Hacı Gümüş, finale doğru Bitlis'te kıyıdan suya bakar ve suları bulandırmamak için Türkiye'ye dönmediğini söyler... Bu cümle, 'New York'ta Beş Minare'nin Gülen cemaatini akladığını iddia edenler acaba haklılar mı' sorusunu getiriyor akla. Peki, nedir Mahsun Kırmızıgül'ü bu filmi uzun zaman üstünde çalıştıktan sonra bir 'büyük proje' olarak sunacak kadar heyecanlandıran? Fethullah Gülen'i ülkeye sokup aklamak için yapılmış girişim olarak düşünmek bana paranoyaklık olarak geliyor. Öte yandan Hacı Gümüş gibi bir karakterin kimseye benzemez özgün bir karakter olduğunu söylemek de saflıktır.

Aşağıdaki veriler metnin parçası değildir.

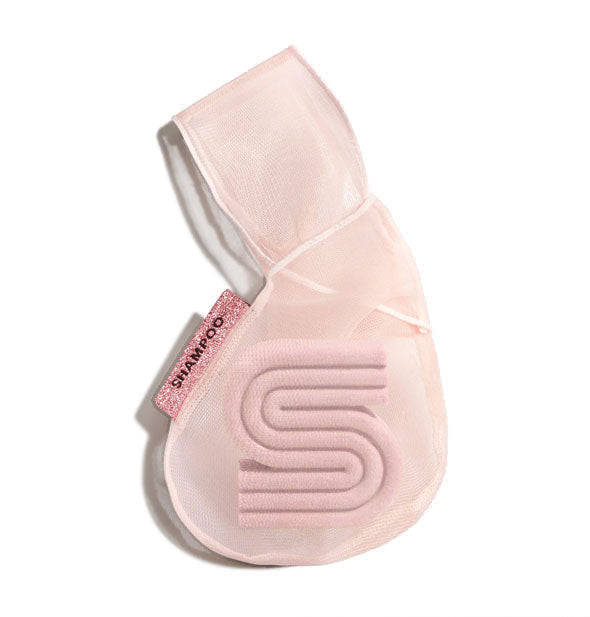 Pink mesh bag holds an S-shaped wash bar and features a pink sparkly tag that says, "Shampoo"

'New York'ta Beş Minare' basında kopartılan fırtınayı hak etmiyor. Yani öyle 'hiçbir Türk filminde göremediğimiz şeyler var' diye ayılıp bayılacak bir durum yok. Hatta sinemanın teknoloji, aksiyon ve efekt olduğu yalanına kanmayacaklar için hayal kırıklığı da denebilir. Tıpkı Mahsun'un önceki filmlerinde ipleri bıraktığı Yıldız Kenter (Beyaz Melek) ve Altan Erkekli (Güneşi Gördüm) gibi, oyun büyük bir ustanın, Haluk Bilginer'in üstüne kurulmuş. Yine diğer iki filmde gösterdiği didaktik tavır azalmakla birlikte devam ediyor. Mahsun Kırmızıgül sinemada yol almak istiyorsa diyaloglara daha dikkat etmesi gerekecek. Havada kalan, sallanan ya da durumun anlamını gereği gibi veremeyen konuşmalar göze çarpıyor bu filmde. Herkes 'çok ağlamaklı' diye yakınıyor ancak onun dozajı da üç filmi arasında en az olanı.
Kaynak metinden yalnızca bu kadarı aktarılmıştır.